I read somewhere (or maybe it is in one of the extras on the DVD) that the psychiatrist office scenes were shot in Bristol. Minghella drove Stevenson there and on the ride she rehearsed, which meant heavy sobbing and agony as he tried to manage the traffic. I can’t imagine wringing yourself out like that and then an hour later doing it again—but then that’s why I’m not an actor!
Incidentally, my most recent Netflix rental was Snow Cake, an unreleased 2006 film starring Alan Rickman and Sigourney Weaver. Very good performances by both of them in a kind of oddball film. He always manages to inject dignity and sincerity into whatever role he’s in.
Marilyn”
— Elinor Aug 3, 5:44am #
- Thank you for the thoughtful comment, Marilyn.
As I thought about the film, it seemed to me the intense sadness I felt came from the man giving in, giving up, going away and it was that that was so sad. The irretrievability of death.
So I am “reading” the movie somewhat differently from the way you are. I felt a real pull towards death in the film—as I feel there is one in Persuasion, the deep melancholy undercurrents of the book mix here, as it does with its treatment of loss as a treasure, the beauty of older love and thus aging when dignified and accepting it, of autumnal beauty, of Lyme.

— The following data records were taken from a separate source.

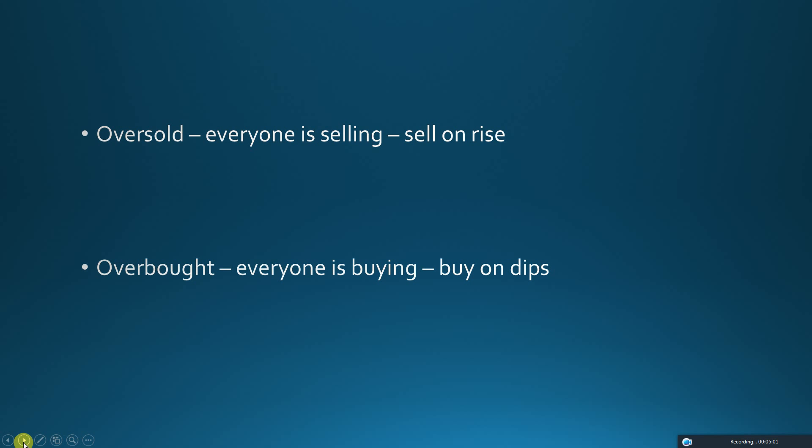So oversold means everybody is selling, so you should also be selling. And overbought means everybody is buying, so you should buy on dips.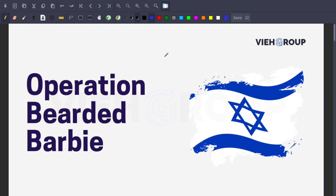Hello YouTube family, welcome back to VIH Group YouTube channel. Today we are talking about Operation Bearded Barbie, which is right now going on in Israel. This is related to cyber security and cyber attacks. I'll explain a lot of insights about it, so stick with this video.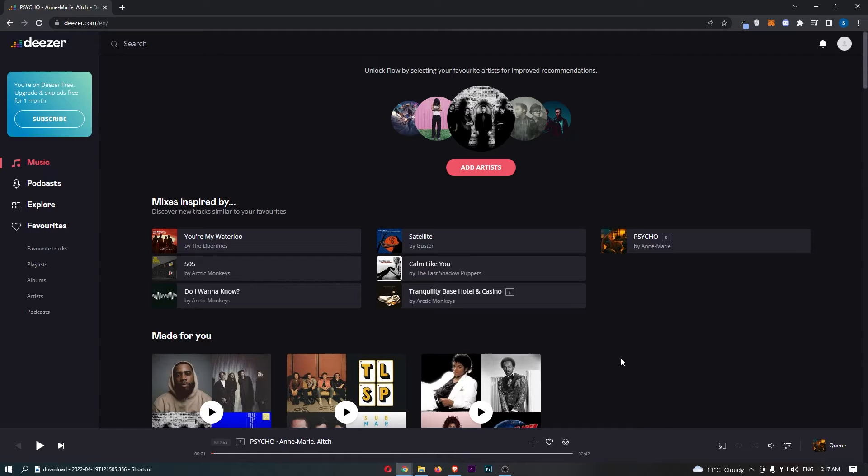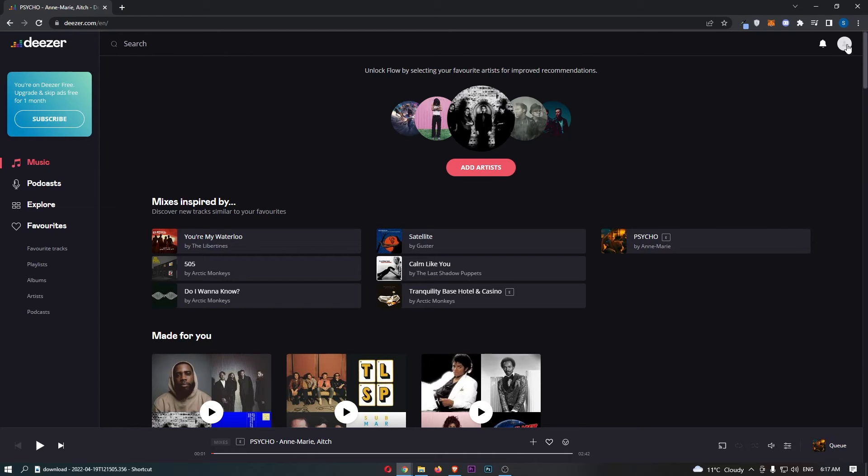Okay, so to do this you first of all want to load up your Deezer account, and once you have done this click on your profile icon in this top right corner.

There’s also a current of necrophilia in the film—for me part of its poignance and strangeness.
I feel the film text also wanted him to stay and he was the agent you see, he the force that turned her around as she decided she didn’t want to spend her life with a dead man. At one point, Jamie, Nina and the ghost friends are watching the concluding scene of Brief Encounter, a rare moment in the film where the husband is seen. As I recall, he (in effect) acknowledges she has been away from him, but forgives her and says how he needs her. She acquiesces in staying but not because she loves or wants him.
Some of the imagery was daring: the use of mentally retarded people for example made the new lover into a compassionate man, but also someone drawn to loss, partial life, and sheer love of beings (including in the movie thus the dead) no matter what they are missing. The pain of childbirth was insisted upon, emotional and physical pain itself.

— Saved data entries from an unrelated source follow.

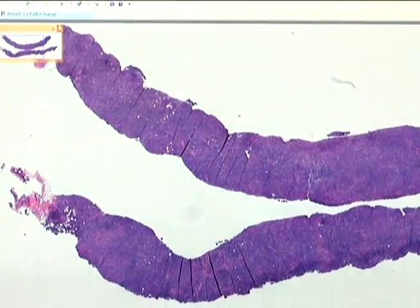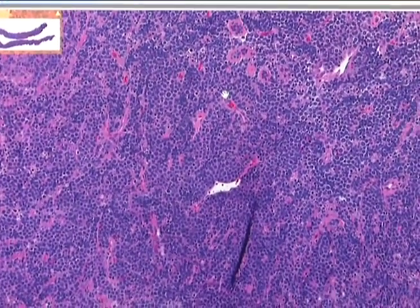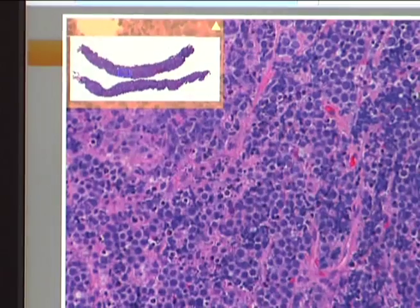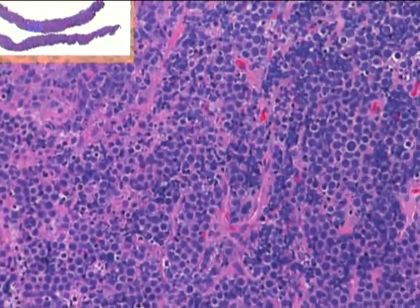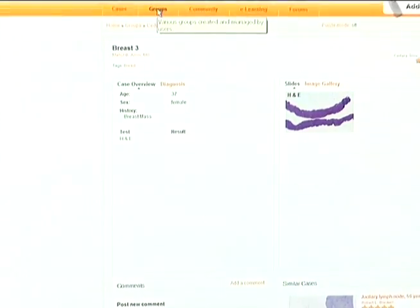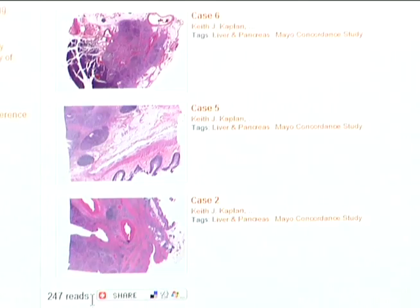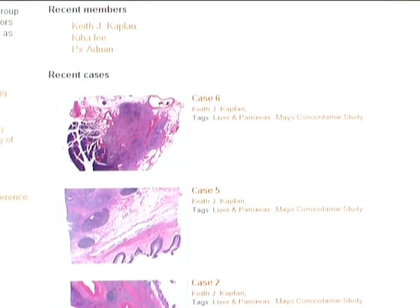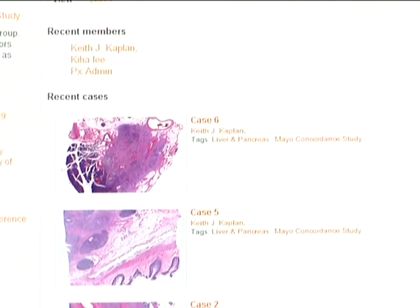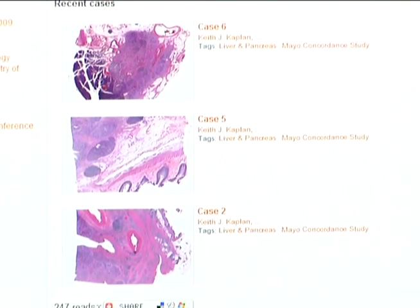Selecting a given case will then bring the viewer into a screen where the virtual slides can be brought up for further review. Within the PathExchange community are essentially the tools — the virtual microscopic tools — to be able to view whole slide images, which is really the most powerful application of PathExchange: the ability to go into cases and review them as you would a case on a microscope.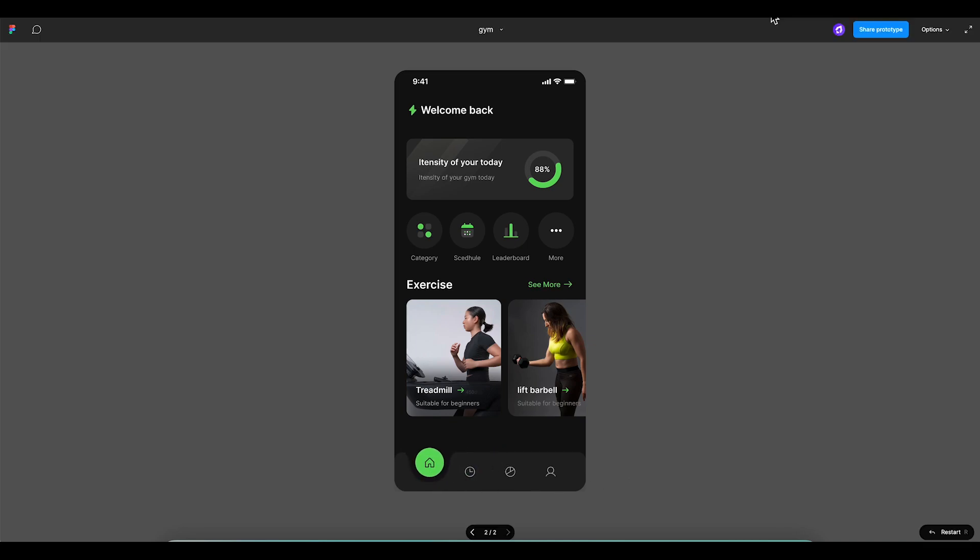Hello and welcome to this prototyping tutorial where we'll show you how to create this beautiful animated bottom navigation in Figma.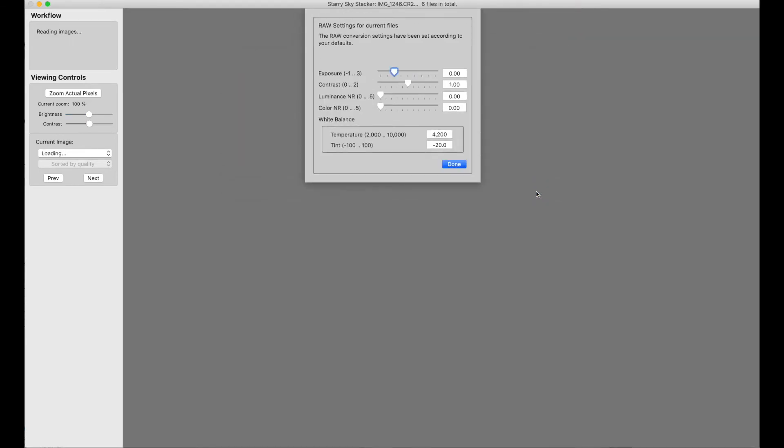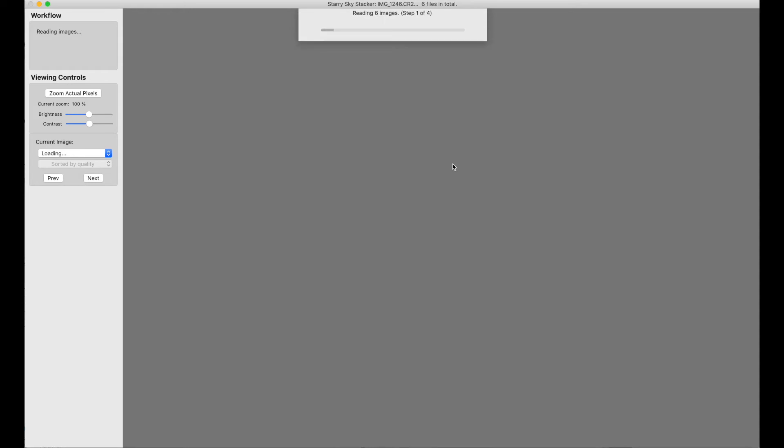Starry Sky Stacker notices that they're RAW files. It gives me the option of adjusting my RAW settings, but these are the defaults I always use, so I'm going to go with those. Now it reads the six images.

Again, in Dickens’s “Christmas Carol” as we all recall death is not irretrievable and the old man redeems his whole life, the ghost being purely benign. In Persuasion and Christmas Carol it’s not too late. They get a second chance. In Oliphant’s Christmas story, "Lady Mary's Story," it's too late. In Lake House, Truly, Madly, Deeply, Ghost it’s also too late and in all these cases the death is a death of deep love or a love never had.

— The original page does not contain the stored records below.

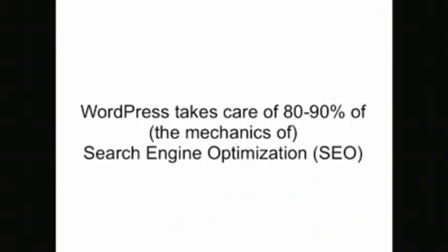WordPress automatically solves a ton of SEO issues. Instead of doing it yourself, you selected WordPress. This is kind of a broad statement. WordPress takes care of 80-90% of search engine optimization.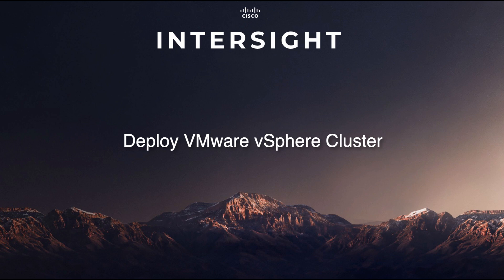I'm David Silver and today I'll be going through an overview of using Cisco Intersight to deploy a VMware vSphere cluster.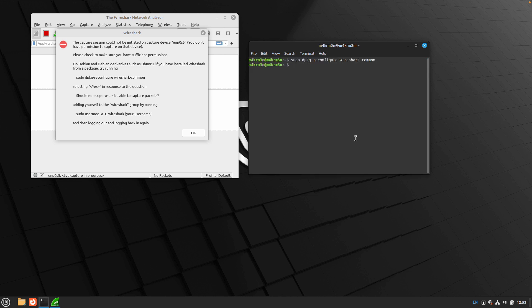Once that's done, we also need to add our user into the wireshark user group. You need to run the following command: sudo usermod -aG wireshark, and then we will enter our username.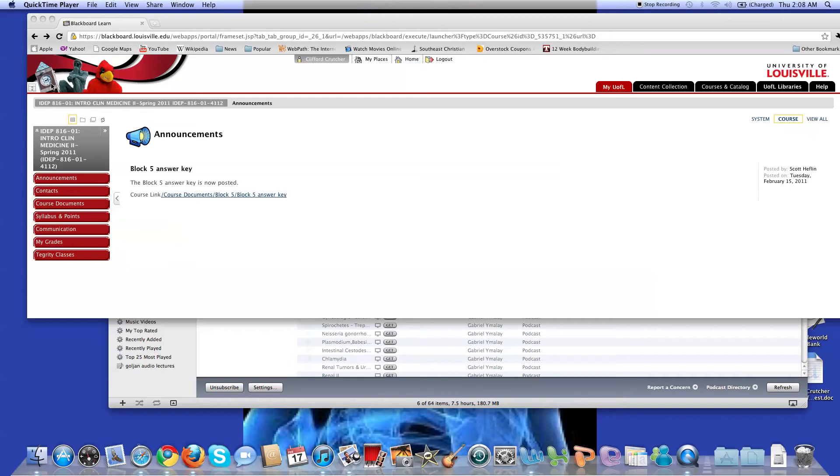All right guys, so I'm making a quick video for those of y'all that don't read the email on how to increase the speed of the Tegrity for Macintosh users so that you don't have to watch it at one speed.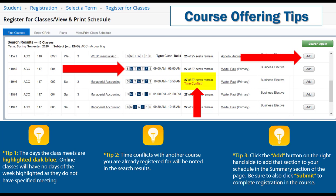Once you find the class you want to register for, click the Add button on the far right. This will add the class to your summary as pending. However, you are not yet registered for this course until you click the Submit button at the bottom right, and the courses change from pending to registered.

It’s very rare the Gods give us a second chance, eh Marilyn?
I agree on the depth and dignity Rickman brings to a role; he transformed Obadiah Slope in Anthony Trollope’s Barchester Towers brilliantly by his intensity, and thus when I reread the book, the character is enriched for me, for yet Rickman was true to the character too.
Ellen
— Elinor Aug 3, 6:00am #
- From Kathleen McCormack:
>Someone who read my blog suggested that Ghost with Whoopie Goldberg is an analogous but more popular rendition of these themes.<
“When Truly Madly Deeply first came out, I heard it referred to as “the thinking person’s Ghost”. Truly Madly, Deeply is one of my top 20 favorite movies.”
— Elinor Aug 5, 6:37am #
- TMD is one of my favorite films—it is the first film I got to the end of and immediately rewound and watched again. And again. Seeing more each time. No other film has so stirred my emotions. As you say, the irretrievability of death. Brought home by believing for this short space of time that it might not be true after all.
There was so much that was unexpectedly genuine and sweet in their (Jamie & Nina’s) relationship. And all the quirky touches, like the hopping. Between the writing and the performances and most of all the Bach soundtrack . . . just a masterpiece. And Minghella much mourned.